To my surprise Reynold’s lips twitch.

“More than you might think. No one gainsays a member of the Five Families, least of all Magnolia Reinhart. And it’s true that Lady Reinhart demands much. I know you have your issues with her. But…”


Reynold hesitates. He looks again back towards the carriage. Ressa hasn’t said anything since the Goblins. Reassured, he continues talking. Even so, he lowers his voice to a whisper. I practically have to put my ear to his lips to hear him over the rushing wind.

“She is not a bad woman, Miss Ryoka. Driven, yes, but she cares deeply for the fate of her servants and all those living on this continent. If you can create even one of the wonders the others from your world claim—”

“Reynold. Stop talking.”

Both Reynold and I jump in our seats. He twists in his seat, face pale. But the window into the carriage is still closed. I stare at the closed door in amazement. We’re still going at top speed, and the wind is blasting around us. It’s hard just to hear Reynold’s voice, but Ressa was inside the coach.

She heard that? Is it another [Ninja] skill? Or [Assassin]?

What is she?

I have no idea. But her words are enough to scare Reynold witless. He grips the reins of the carriage in a death grip and refuses to talk, no matter what I try. So the rest of the ride passes in silence. But the entire while I’m thinking.

Magnolia. What does she want? She claims not to want to use technology from my world. But I don’t believe her. So what should I do? Help her? Do I have a choice?

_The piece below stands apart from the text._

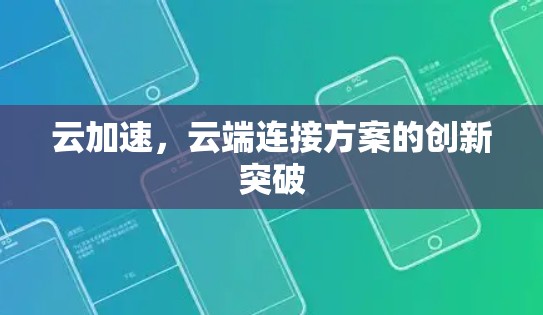 云加速,云端连接方案的创新突破 云加速,云端连接方案的创新突破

How do I get myself out of this one? I’ve got…one option? Two. Mm…maybe three. Three ways to get out of this mess.

Fighting isn’t one of those options. Aside from the fact that I’m pretty sure Ressa is a better fighter than I am, I know how influential Magnolia Reinhart is. Even if by some miracle I ran away, she could have every adventurer, city guardsman and assassin on the continent after me in a heartbeat.

No, I’ve got to talk my way out of this. I just wish I was confident in my ability to do so. So I sit in the cold, apprehensive, trying to bring out all the intelligence, all the wit I have.

But I am afraid. If I were the me of a month ago, I might be so cocksure and brave to think I can get out of this no matter what happens. But now—

The carriage slows. I sit up instantly and see something appear out of the white background. A mansion, guarded by high walls and a single gate.

“The manor of Magnolia Reinhart.”

That’s all Reynold says as he drives us through the gates. They swing open instantly as we approach, but I see no gatekeeper. Automatic magical gates?

Yeah. Why not? But then my cynicism is lost as I stare at the mansion.

“Oh wow.”

Erin told me a bit about Magnolia’s mansion, but I was mainly focusing on what Magnolia wanted of her and me. She told me about the magic—

But this is something else.

A whale swims across the front of the house, gliding across the stone as if it were a sea. A line of metal giants, suits of armor with empty visors, stand at attention, flanking the entrance. And a cloud floats through the suddenly clear skies overhead. Even the air is warmer, and as I step outside the coach, I suddenly feel warm in my clothes.

It’s suddenly spring again. A cool breeze blows, and I look around and find a group of men and women attired in servant’s clothing are standing with the Golems. I hop off the front of the carriage and feel my cramped legs protesting. I stare awkwardly at the servants. Well, what do I do? Reynold’s sitting in the front seat, quiet. But what about these other servants?

Are they a welcoming committee? For me? Is Magnolia Reinhart really—

“Welcome back, Miss Ressa.”

Fuck. They scared the ever living crap out of me. All of the servants speak at once as they bow towards the carriage. I look back and see Ressa stepping down from the side of the carriage as Reynold holds the door open.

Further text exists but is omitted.